No. 9 – Eisbären Bremerhaven
- Position: Power forward
- League: ProA

Personal information
- Born: December 14, 2002 (age 23) Coquitlam, British Columbia, Canada
- Listed height: 6 ft 9 in (2.06 m)
- Listed weight: 245 lb (111 kg)

Career information
- High school: Centennial Secondary (Coquitlam, British Columbia)
- College: Lehigh (2020–2024); Boise State (2024–2026);
- Playing career: 2026–present

Career history
- 2026: Vancouver Bandits
- 2026-present: Eisbären Bremerhaven

Career highlights
- Third Team All-Patriot League (2024); Patriot League All-Academic Team (2024);

= Dominic Parolin =

Canadian basketball player

Dominic Parolin (born December 14, 2002) is a Canadian professional basketball player for Eisbären Bremerhaven of the German ProA. He played college basketball for the Lehigh Mountain Hawks and Boise State Broncos.

==High school career==
Parolin attended Centennial Secondary School from 2016 to 2020. In his senior year in 2020, he was named an all-star at the British Columbia 4A High School Boys Basketball Championships

==College career==
Parolin played college basketball for the Lehigh Mountain Hawks and Boise State Broncos. In 137 career games, he totalled 969 points, 629 rebounds, 126 assists, 82 steals and 76 blocks.

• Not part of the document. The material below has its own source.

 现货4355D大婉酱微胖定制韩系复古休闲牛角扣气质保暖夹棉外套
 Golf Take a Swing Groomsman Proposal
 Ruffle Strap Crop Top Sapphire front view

During the 2023–24 season, while at Lehigh, Parolin averaged 11.5 points, 6.3 rebounds, 1.6 assists, 0.7 blocks and was named Third Team All-Patriot League and All-Academic Team.

== Professional career ==
===Vancouver Bandits (2026)===
On April 2, 2026, Parolin signed with the Vancouver Bandits of the Canadian Elite Basketball League.

===Eisbären Bremerhaven (2026–27)===
In July 2026, Parolin joined German club Eisbären Bremerhaven of the ProA league.